Scofield, who started as a sculptor and painter, was intrigued by glass art and now works with different forms of the medium.
He is a military veteran who has learned that glass blowing gives him power he doesn’t normally have.
“You have to be able to react positively as soon as the glass does something that you don’t want it to,” he said. “You have to learn that you can’t control certain things. A lot of the glass ends up on the floor.”
There is lots of science and physics involved in the various techniques and mediums, an aspect that appeals to both men.
“Different colors react differently,” Scofield said. “There is silver, gold, cadmium and ruby, for example, and they all react differently to the heat.”
Scientific glassmaking is a very technical and highly skilled field of work, Scofield said.

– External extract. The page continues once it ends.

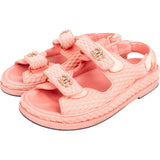 Chanel Pink Quilted Frottee Pearl CC Velcro Dad Sandals (38)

One former SGS student now works at Corning, making specialized glassware for science labs.
In the Hot Shop process, an artist gathers glass onto a blowpipe and inserts the pipe into a 2,100-degree furnace using an opening called a ‘glory hole.’ After a few minutes, the artist removes the glass from the heat and then twists, turns and blows it into a desired shape.
Artists use various hand tools to pinch or flatten the glass to create vases, tumblers, bowls and ornaments. Once the piece is finished, they gently knock the artwork off the blowpipe and place it in a kiln to cool gradually overnight.
Flame shop director Bronwen Heilman, an artist who has made jewelry since the ‘90s, began working with glass because she wanted to make her own stones.
“The best part is how you can manipulate the glass,” she said.
In addition to beads, Heilman makes hummingbirds and other animals. She also creates delicate scenes that represent the ocean floor, complete with plant life and turtles swimming among the plants’ fronds.
She too talks about the challenge that glasswork sometimes provides.
“Tom Philabaum says ‘it’s just glass,’” Heilman said. “You can’t fall in love with a piece until after it comes out of the kiln.”